On April 25, the Consumer Financial Protection Bureau (“CFPB”) entered into a Consent Order with a New Jersey debt collection law firm, Pressler & Pressler, LLP, and two of its managing partners, Sheldon H. Pressler, and Gerard J. Felt (collectively “the Firm”). The Firm agreed to pay a civil penalty of $1 million dollars in addition to adhering to the provisions contained within the Order. This Order raises questions about whether there is or should be a limit to the federal regulation of attorney practice and litigation strategy. The CFPB appears to be asserting authority over attorney debt collectors beyond governing communication with consumers. It is entering the realm of professional judgment, controlling what the attorney is allowed to seek in discovery and what documents the attorney must review before filing a complaint. That may be entirely appropriate given its broad mandate, but the position of state entities presently governing attorney conduct have not been widely heard.

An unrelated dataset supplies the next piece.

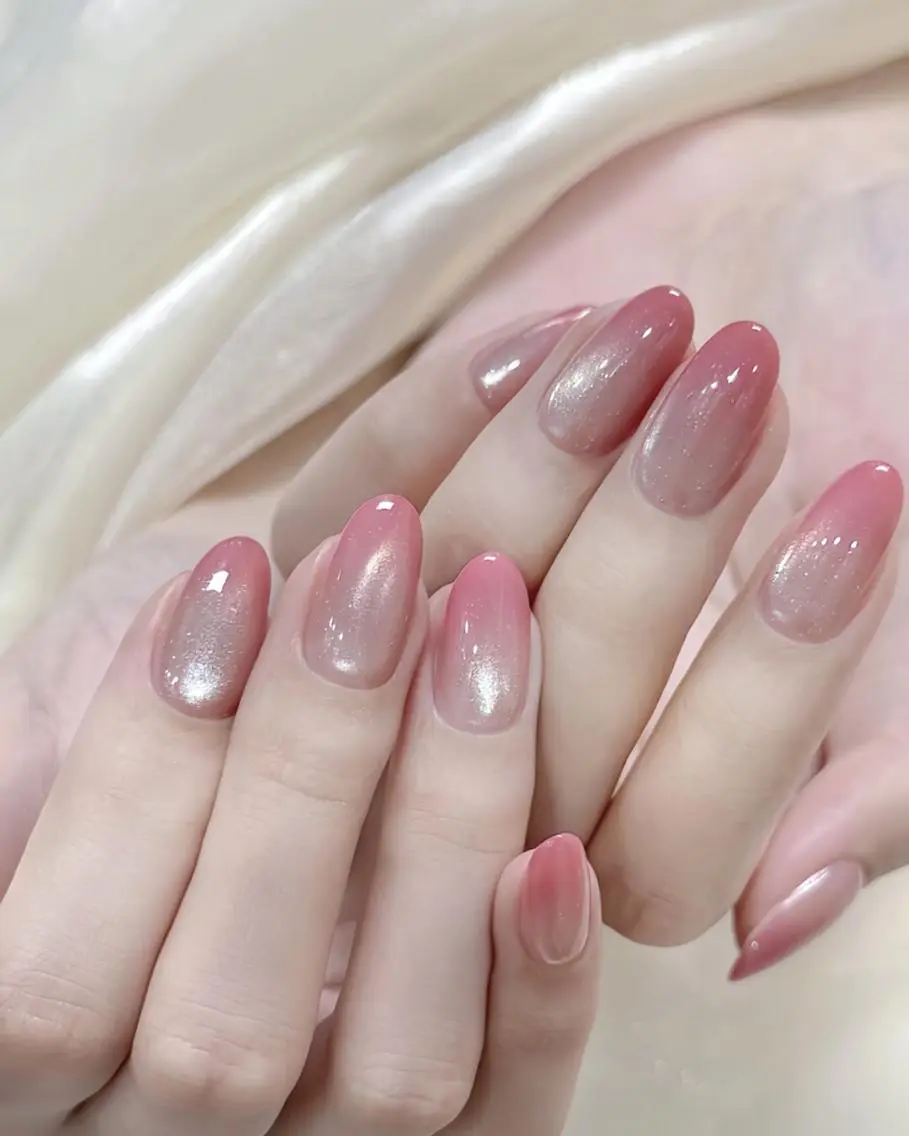 【自爪フィルイン無料 】🎀カラーグラデーションにうるうるマグネット🎀の写真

The Firm filed more than 500,000 lawsuits against consumers between 2009 and 2014. It is considered a debt collector under the Federal Debt Collection Practices Act (“FDCPA”). The Bureau found that the Firm violated the FDCPA and the Consumer Financial Protection Act (“CFPA”) by relying on summaries received from clients upon referral instead of Original Account-Level Documentation and failing to investigate or verify that the facts contained in the suits were true or whether the debt buyer it represented had standing to pursue the claim resulting in harassment of the consumers and improper court actions.

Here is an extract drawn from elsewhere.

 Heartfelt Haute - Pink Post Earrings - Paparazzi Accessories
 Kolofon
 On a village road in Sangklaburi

The Order specifies the Firm must ensure that it has original documentation, a chain of debt ownership, certified bills of sale evidencing transfers of ownership and a signed contract or other original documentation reflecting use by the consumer prior to filing an action. It must ensure all affidavits are accurate and based on personal knowledge of the affiant. The attorney who signs the Complaint in the suit must have an electronic record of logging in to the Firm’s case management system and accessing the consumer’s file. Additionally, an attorney employed by the Firm must review the documentation, conduct a thorough analysis of the facts and law related to the case, and must certify in writing that the initiation of the lawsuit complies with the Consent Order.
The Firm is further prohibited from using pre-judgment litigation discovery devices to seek or obtain information intended to be used for post-judgment collection. This is the first time that limitations on pre-judgment discovery have been included in a CFPB consent order. The extent and method of pre-judgment discovery in New Jersey state court is governed by New Jersey Rule of Civil Procedure 4:10. The Office of Attorney Ethics, a division of the judiciary, governs the ethical practice of law in New Jersey.

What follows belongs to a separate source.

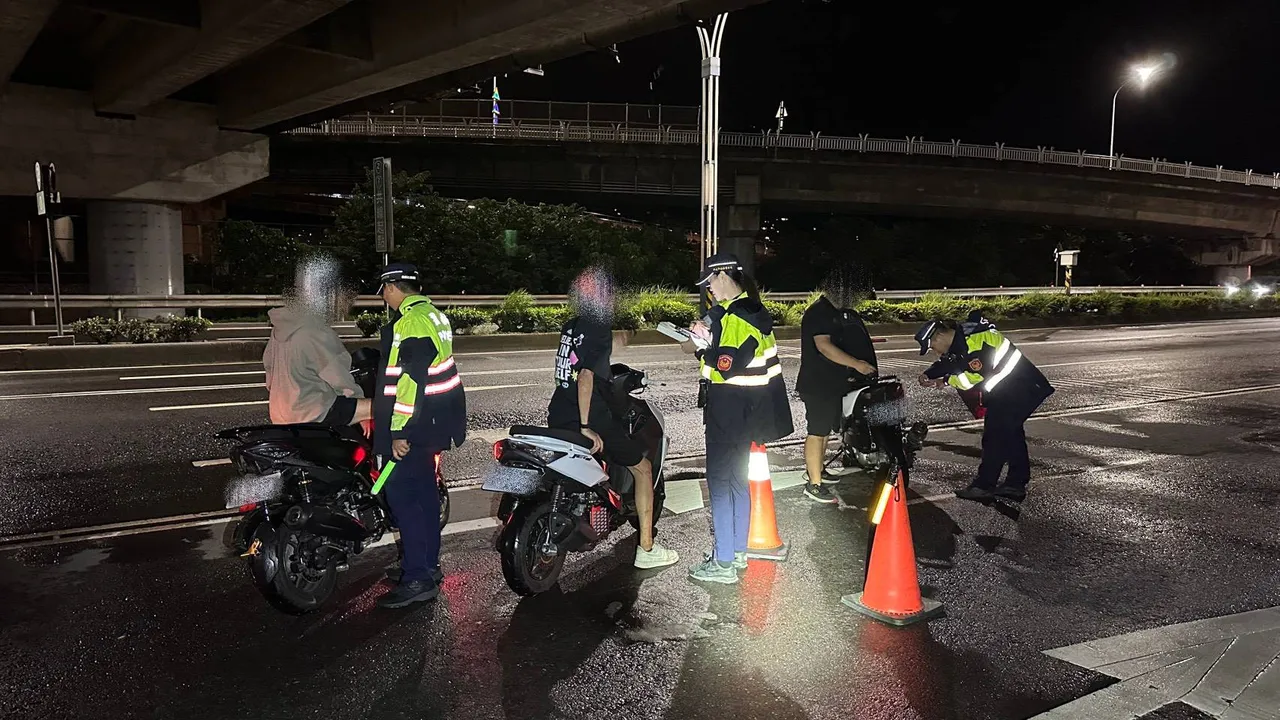 淡水警方暑期加强查缉。警方提供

It remains to be seen how far the CFPB can go in seeking control of litigation practices and attorney oversight which are traditionally within the realm of the state judiciary. The limitation on pre-judgment discovery is nebulous, as often the content of pre- and post-judgment discovery overlap. This has the potential to have a chilling effect on the discovery requested by the Firm in the initial pre-judgment discovery phase, and could impact the litigation choices of the attorneys.
The CFPB is authorized to regulate and investigate the practices of debt collectors, which includes law firms engaged in volume collections practice under these facts. The Dodd-Frank Act provides the CFPB with rule-making and enforcement authority to prevent unfair, deceptive, or abusive acts or practices in connection with any transaction with a consumer for a financial product or service. The CFPB’s budget is not tied to the regular federal appropriations process, and it has enjoyed broad investigative authority with few restrictions. Director Richard Cordray has implied that he would use the agency’s enforcement authority rather than the rule-making authority to define the standards of what constitutes “abusive acts”. Using the enforcement authority may limit the visibility of the actions and the opportunity for non-parties affected by the actions to have their voices heard, as opposed to the rule-making authority, which invites public comment.
As the CFPB delves deeper into attorney regulation we may learn the answers to some presently lingering questions. We don’t yet know if there is a difference in what the CFPB can demand from non-law firm and law firm debt collectors. We don’t know what may happen if a conflict arises between the state rules of procedure and a consent order. To what extent is it appropriate to constrain or limit an attorney’s professional judgment? Are we ok with this as long as it protects the consumer? What other government agencies can regulate attorney practice and under what auspices could they control litigation strategy?
As these issues play out in enforcement actions, administrative hearings, and in federal appeals, the state bodies that control attorney practice should remain vigilant to ensure they are actively informing the agency and the courts of their position so as not to inadvertently cede more authority over attorney oversight than is appropriate to non-attorney federal regulators.